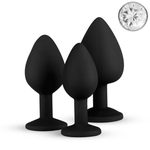 Power Escorts - BR136 -  Sillicone Anal Plug - Diamond King Black - 3-Pack - 7 Colours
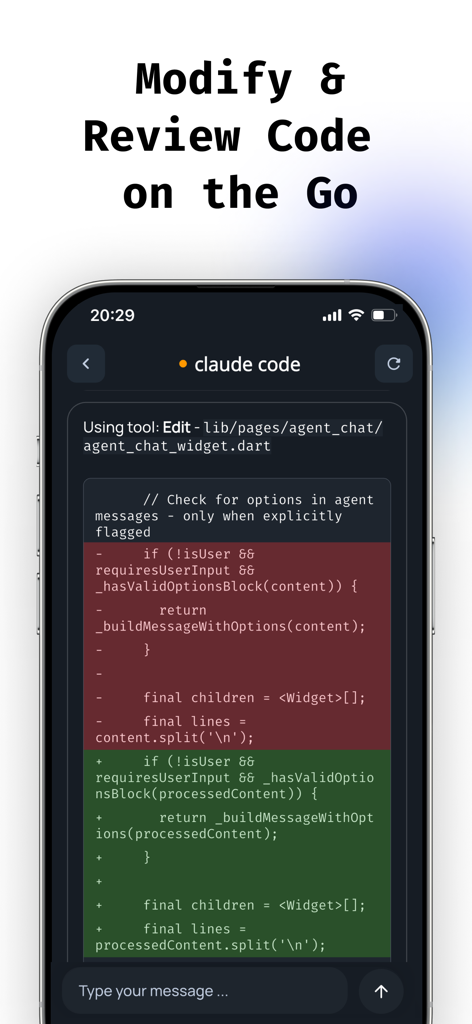 Vibe Code: Codex & Claude AI - Mobile app interface showing a code diff for review and modification using Claude AI
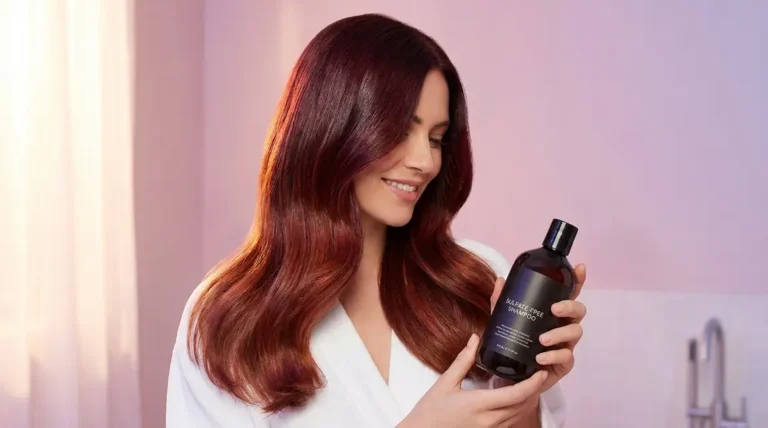 Woman with vibrant coloured hair holding sulfate-free shampoo to maintain colour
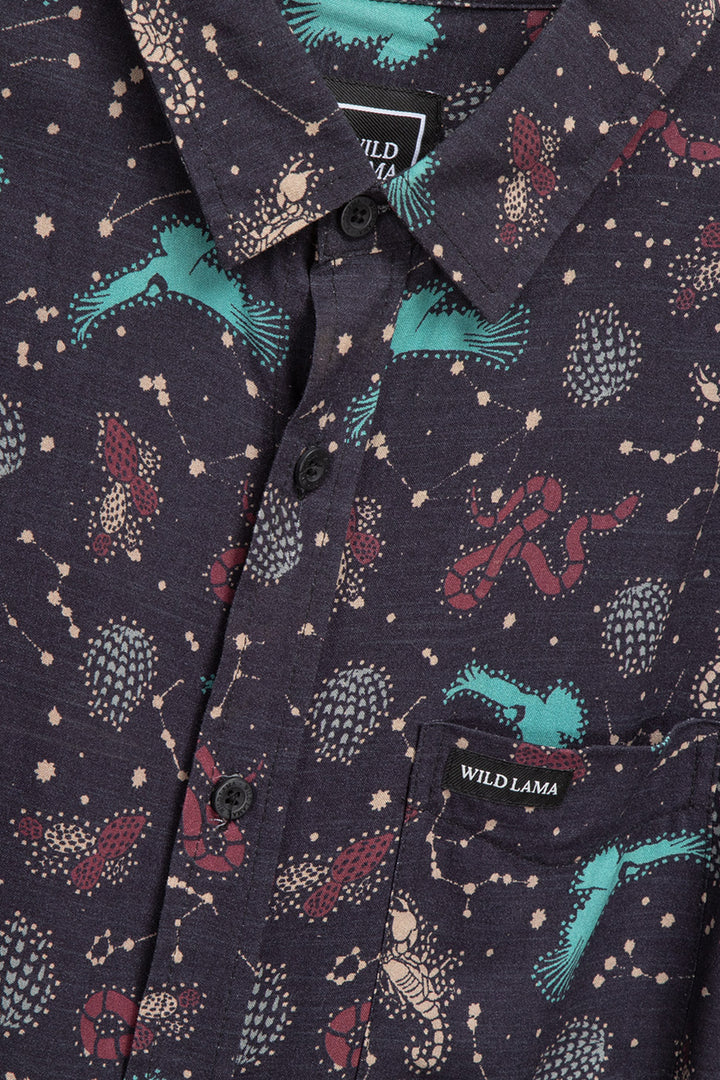 Guayabera Mero Negro Animales Hombre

━━━━

- [PROBLEM DETAILS]
Could you print the data exactly as it appears and keep the pictures out?

- [FINAL ANSWER]
 Power Escorts - BR136 -  Sillicone Anal Plug - Diamond King Black - 3-Pack - 7 Colours
 Vibe Code: Codex & Claude AI - Mobile app interface showing a code diff for review and modification using Claude AI
 Woman with vibrant coloured hair holding sulfate-free shampoo to maintain colour
 Guayabera Mero Negro Animales Hombre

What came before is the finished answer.